Meski jarak yang hanya 700 mil ditempuh selama 17 hari. Bandingkan dengan Jakarta-Seychelles yang 3.300 mil, ditempuh selama 26 hari. Uh, tentu pelayaran yang melelahkan. Di Madagaskar, Kapten Putu dan belasan awak perahu Borobudur disambut serangkaian acara. Sembari itu, perlengkapan yang habis diisi kembali. Yang rusak-rusak diperbaiki.
Badai Dua Samudera
Almanak bertarekh 25 Oktober 2003. Perahu berangkat lagi. Tujuannya Afrika Selatan. Kapal melintasi pertemuan arus Samudera Hindia dan Samudera Atlantik. Ini yang paling gawat
Kapal dihoyak badai. Para awak umumnya histeris. Banyak yang menangis. Kapal tradisional nenek moyang Indonesia itu laksana sabut diombang-ambing arus bah. Awan hitam menggelayut. Petir sambar-menyambar.
Boleh percaya, terserah kalau pun tidak, Kapten Putu, sang nakhoda asal Bali ini tiba-tiba mendengar suara adzan misterius.
“Begitu adzan berhenti, badai pun reda, saya tanya. Ternyata tak satu pun awak kapal yang mengaku melantunkan adzan,” kenangnya dalam sebuah perbincangan panjang, tempo hari.
Kapal tiba di Cape Town, Afrika Selatan. Saat itu lebaran Idul Fitri. Sejumlah awak kapal, turun tanpa pengganti. Kapten Putu meneruskan pelayaran ke Pantai Barat Afrika dengan sisa awaknya. Tiga belas orang.
Pendek kisah, Senin, 23 Februari 2004 sore, perahu bercadik itu lempar sauh di perairan lepas pantai Pelabuhan Tema, Accra, ibu kota Ghana.
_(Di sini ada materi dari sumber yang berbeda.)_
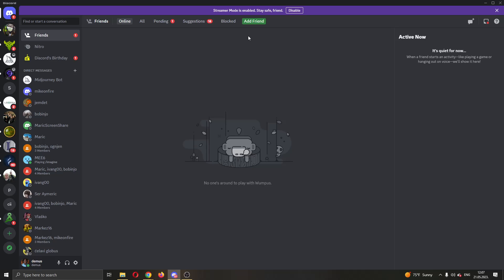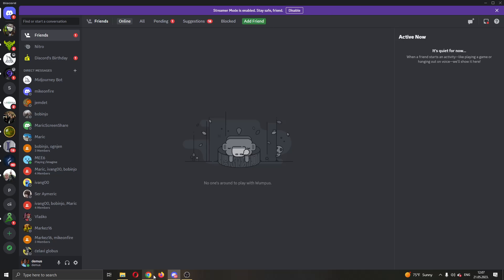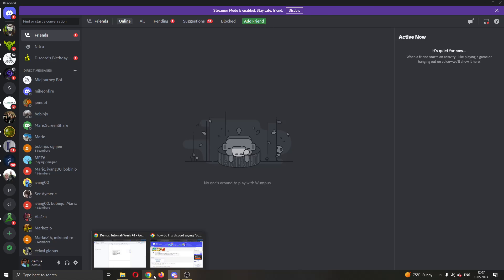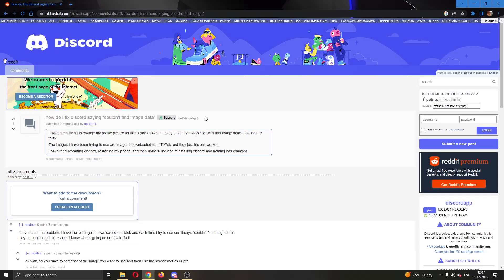After you've tried all of that and still cannot change your profile picture, there is only one solution left to do. As you can see in this Reddit thread, somebody else had the same problem.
Nah apa kabar Kapten Putu? Kini pangkatnya sudah bukan Kapten. Dia menjabat Danlanal Sibolga. Bila bertegur sapa dengan orang yang tak dikenal dia selalu mengawali dengan “assalamualaikum”. Setelah mengucap dua kalimat syahadat, Gusti Putu Ngurah Sedana pun akhirnya menunaikan ibadah haji di tanah suci Makkah.